= What needs to be done =
Copy the records below exactly, but leave out any picture they contain.
*** Block opens ***
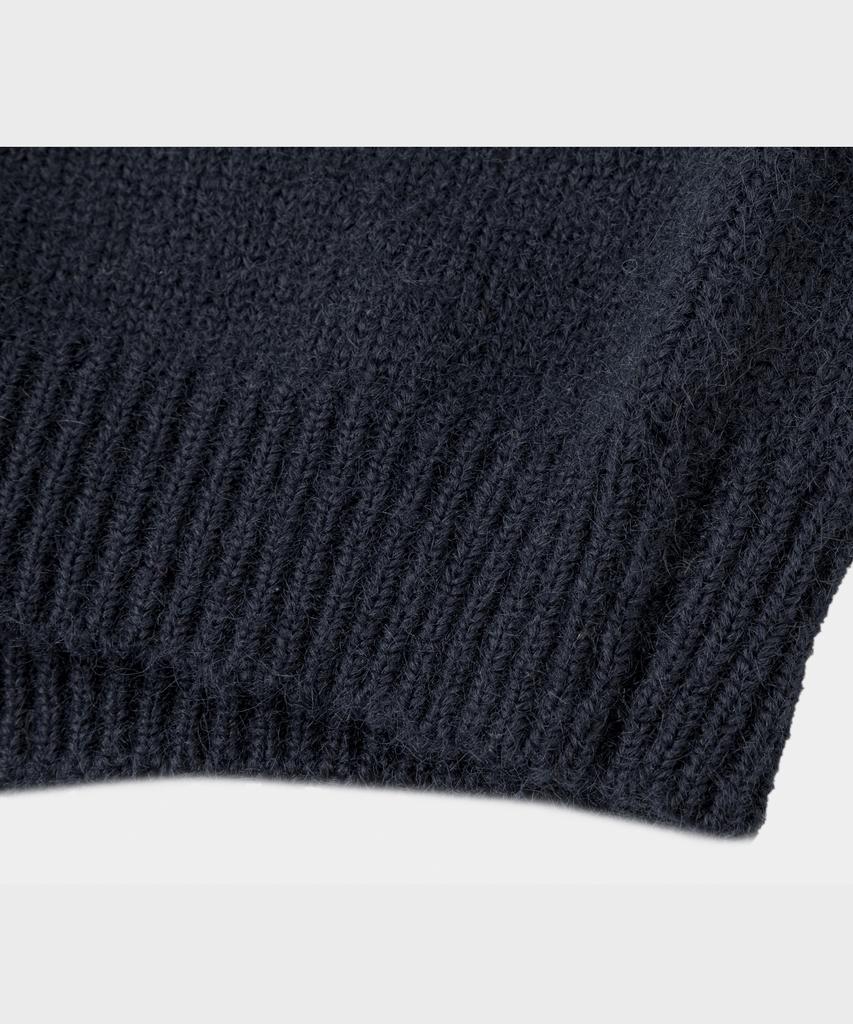 LETTERCOMO Daily Wool Round Knit Navy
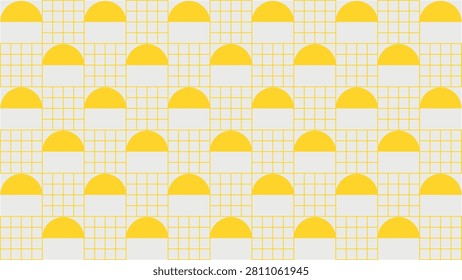 Geometric pattern with yellow semi circles and grid lines on grey background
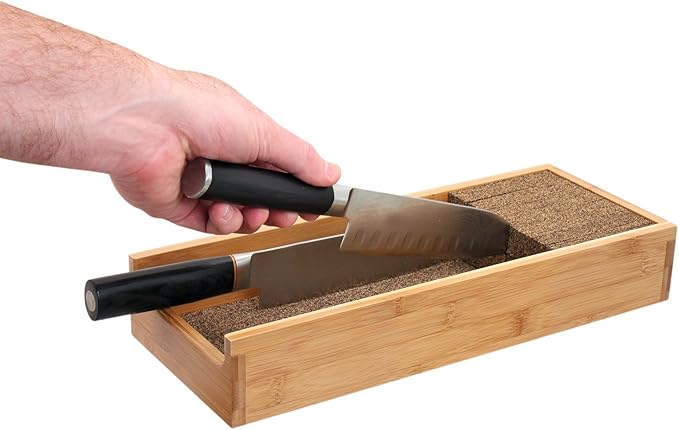 KNIFEdock Bamboo Knife Organizer for Kitchen Drawers – 15” In-Drawer Knife Block with Cork Composite – Space-Saving, Safe Storage for Your Knives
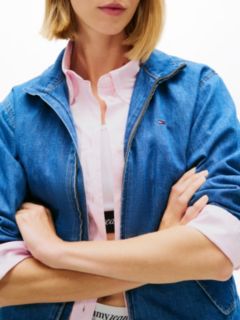 Zip-Thru Chambray Denim Jacket — Blue 2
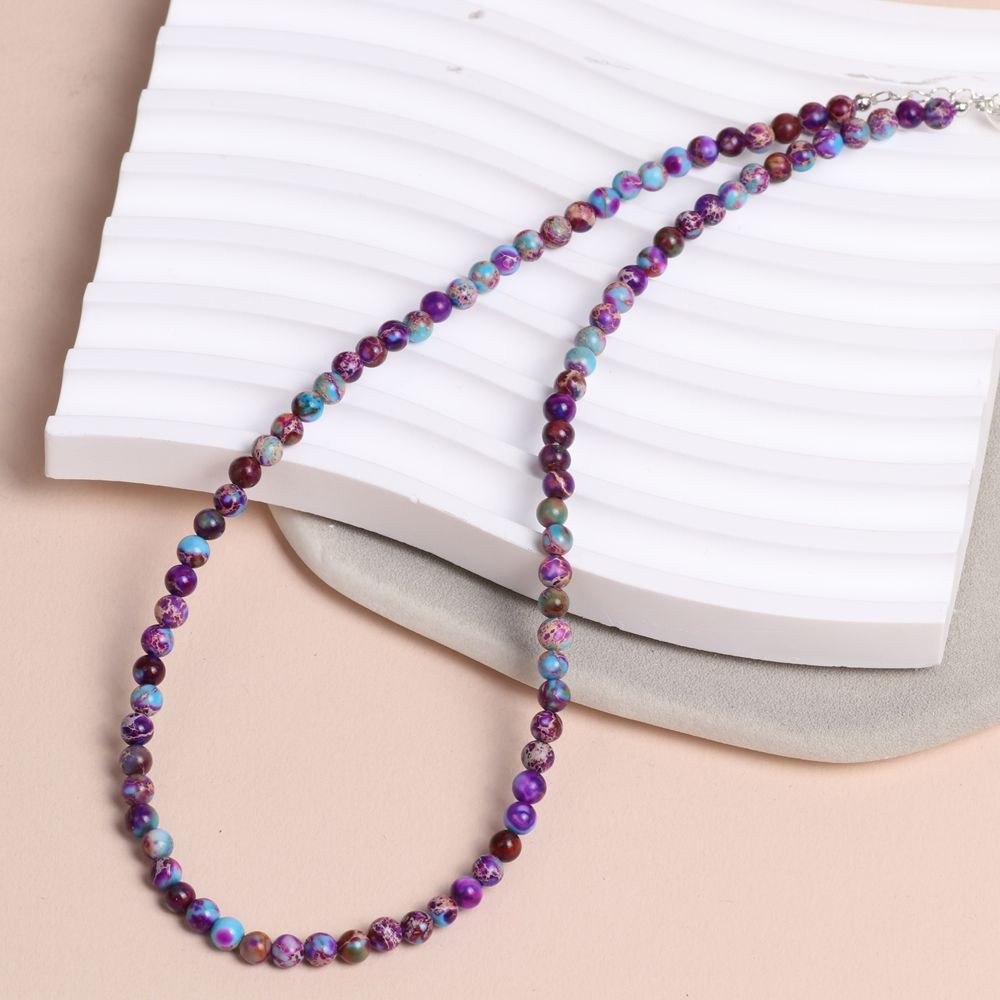 Natural Galaxy Sea Sediment Jasper Choker Minimalist Rainbow Stone Necklace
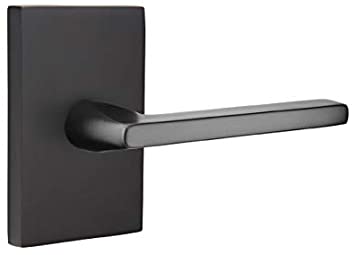 Emtek Helios Lever Modern Rect. Rosette Passage RH, Flat Black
*** Block closes ***
= Answer section =
 LETTERCOMO Daily Wool Round Knit Navy
 Geometric pattern with yellow semi circles and grid lines on grey background
 KNIFEdock Bamboo Knife Organizer for Kitchen Drawers – 15” In-Drawer Knife Block with Cork Composite – Space-Saving, Safe Storage for Your Knives
 Zip-Thru Chambray Denim Jacket — Blue 2
 Natural Galaxy Sea Sediment Jasper Choker Minimalist Rainbow Stone Necklace
 Emtek Helios Lever Modern Rect. Rosette Passage RH, Flat Black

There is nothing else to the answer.